Content Reporting and Blocking
- Offensive or inappropriate content can be reported to the contact point (§11), and content with accumulated reports may be automatically hidden for review. [In-app reporting UI needs to be implemented — Apple UGC review requirement: after implementation, update this to the in-app procedure]
- [User blocking feature needs to be implemented — Apple UGC review requirement: currently not provided; update this section after implementation]
8. Safeguards
- Encryption in transit (HTTPS).
- Server access control: Firebase Security Rules enforce that run sync data and non-public content are accessible only by the owner (or permitted followers).
- Private and Followers media and route files are accessible only via time-limited signed URLs.

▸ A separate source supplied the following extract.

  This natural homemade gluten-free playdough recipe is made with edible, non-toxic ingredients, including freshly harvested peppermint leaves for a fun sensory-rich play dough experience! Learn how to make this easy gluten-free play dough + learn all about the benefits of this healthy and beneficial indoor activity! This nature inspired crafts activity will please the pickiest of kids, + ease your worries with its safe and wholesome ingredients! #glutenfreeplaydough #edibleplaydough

- Firebase App Check (device integrity verification) is being introduced — rollout in progress.
- Analytics parameters are designed so that only predefined non-identifying items are transmitted.
- However, we cannot guarantee that transmission and storage over the internet is 100% secure.
9. Children's Personal Information
The App is not primarily targeted at children under 14 and does not intentionally collect children's personal information. Children under 14 cannot use account features (sign-in, the Runel feed) (prohibited under the Terms of Service). If we confirm that a child's personal information has been collected, we will destroy it without delay.
10. Changes to This Policy
This policy may be updated in response to changes in law or features. Significant changes (such as changes to collected items, purposes, or storage locations) will be announced in advance through the App or this document, and changes take effect from the posted effective date.
- This v2 is a revision reflecting the introduction of the Runel feed, run record sync, and runclip Pro payments.
11. Privacy Officer and Contact
The App is operated by an individual developer, who also serves as the privacy officer.
- Officer: Geonu Kim (developer)
- Email: i30649303@gmail.com
All inquiries — including requests for access, correction, deletion, or suspension of processing of personal information, account deletion requests, and content reports — are received at the email above. For reporting or consultation regarding personal information infringement, you may contact the Personal Information Infringement Report Center (privacy.kisa.or.kr, dial 118 in Korea) or the Personal Information Dispute Mediation Committee (kopico.go.kr, 1833-6972).
This document is published at https://runclip.kr/privacy.
Korean version (authoritative original): 개인정보 처리방침 (한국어판) — in case of any discrepancy, the Korean version prevails.